Through you, Madam Deputy Speaker, I would like to thank the staff of this House for the support they provide to Members of Parliament. Their work over the past 14 years has been invaluable and has supported me in becoming a more effective Member. It is ironic that I am making my last speech in front of you, Madam Deputy Speaker, as we sparred many times on Finance Bills under the last Government. One of the most important roles of any Government is economic stewardship. We need to provide jobs and growth for families and economic stability, which is vital to people’s confidence and well-being. I leave Parliament at the next election knowing that the economic future of my constituency is much more secure than it was five years ago. We should not squander those hard-won gains by losing the next general election.

2.30 pm

John Healey (Wentworth and Dearne) (Lab): It is a pleasure to follow the hon. Member for Fareham (Mr Hoban) in his last speech to the House. Like you, Madam Deputy Speaker, I faced him through the long hours of many long Finance Bills when he was on the shadow Treasury Front Bench. His reflective and loyal speech this afternoon was characteristic of the way he has served his party and Government. It is a shame he is not on the Front Bench this afternoon, because perhaps then he would not be leaving the House come Dissolution.

However, the hon. Gentleman has a problem, because, as the Leader of the Opposition said, this is a Budget that cannot be believed. I shall pick just two things that the Chancellor said during his Budget statement. He said that living standards were higher than when they entered office and that our economy was fundamentally stronger than it was five years ago. The gap has never been greater between their rhetoric and the everyday reality of people’s lives. I want to pursue two arguments that expose some of the rhetoric we heard from the Chancellor and some of the reasons why their long-term

18 Mar 2015 : Column 796

economic plan is failing and why the structural and cyclical weakness of our economy remains five years after they entered office.

There are two principal arguments. First, the Government’s economic policy directly choked off the recovery under way at the last election in May 2010, leading to the slowest economic recovery from recession in this country for 100 years.

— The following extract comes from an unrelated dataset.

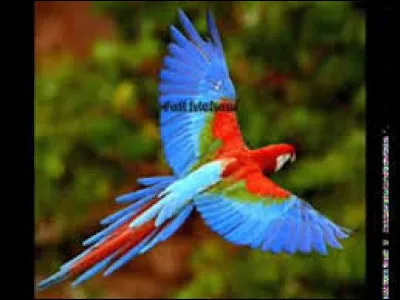 Pièce de théâtre en six actes, écrite en 1908 par Maurice Maeterlinck !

Secondly, the economic recovery is unbalanced, unequal and unsustainable. The structural weaknesses are still there, despite the rhetoric from the Chancellor—the rabbits coming out of the hat—and the underlying failures of the long-term economic plan are unchanged by this Budget.

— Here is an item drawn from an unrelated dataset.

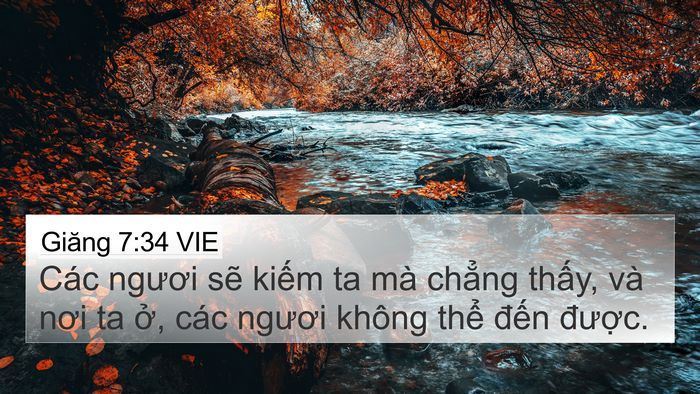 Giăng 7:34 VIE Bible Verse Image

Mr Brooks Newmark (Braintree) (Con): I am listening carefully to the right hon. Gentleman, as are many Members opposite. Would he at least acknowledge that running a deficit of more than 10% was unsustainable? It might have fuelled some growth in the short term, but in the long term running a deficit in excess of 10% was not sustainable, and something had to be done about it.

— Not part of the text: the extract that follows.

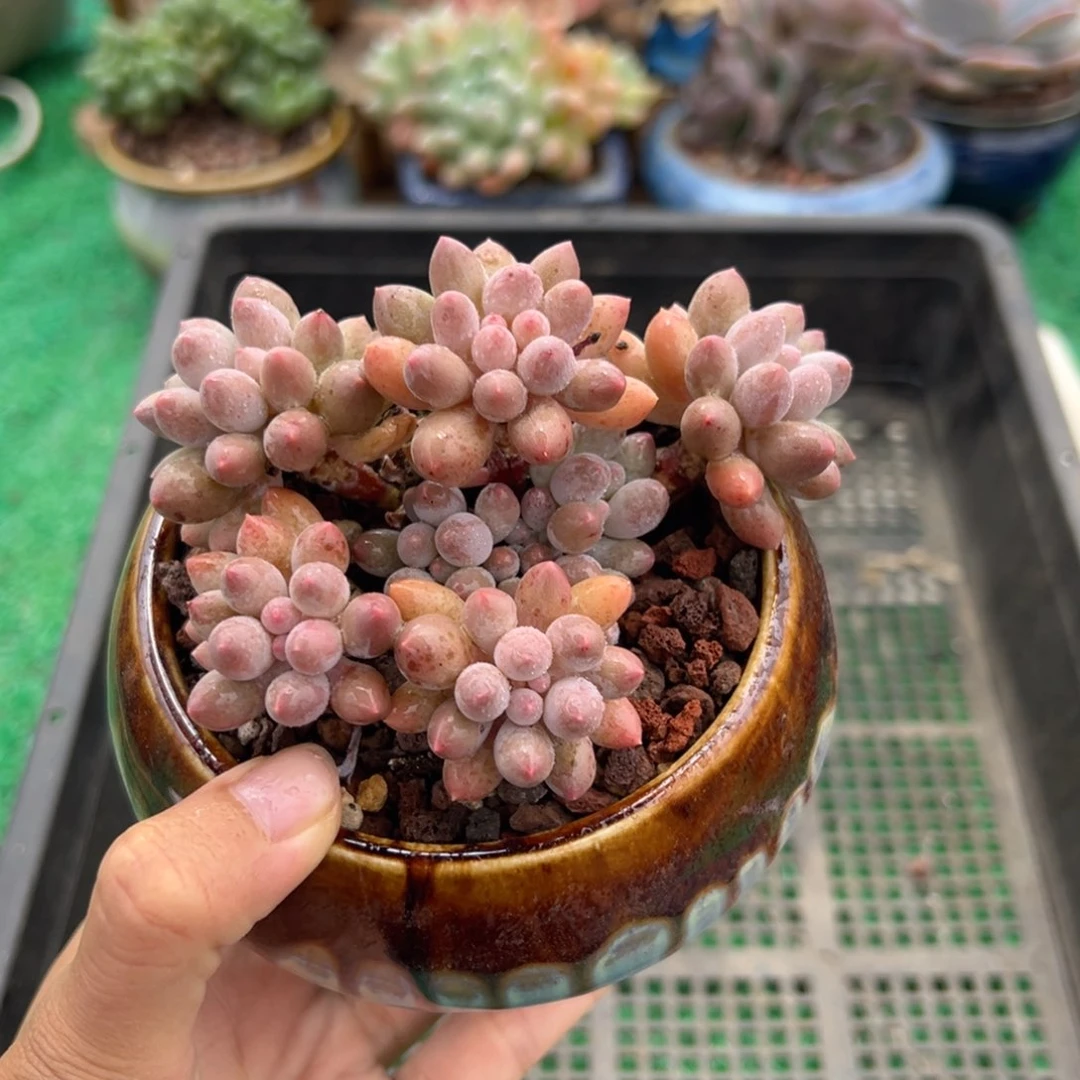 表妹精品多肉植物629.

John Healey: There are not many Members opposite, as the hon. Gentleman says. [Interruption.] He will remember, however, that after 10 years of the last Labour Government, before the global financial crisis and recession hit, borrowing and debt were lower than when we entered office. We have a deficit to deal with because of how the Government intervened to pull the country through that deep recession, to keep people in their homes and jobs and to keep firms in business. Of course there is a deficit, and of course it needs to be dealt with. The difference between the parties is that we will deal with it in a more balanced way. There is a choice. We can do it with tax rises that are fair, spending cuts and efficiencies. We will do what we need to do in a more balanced way.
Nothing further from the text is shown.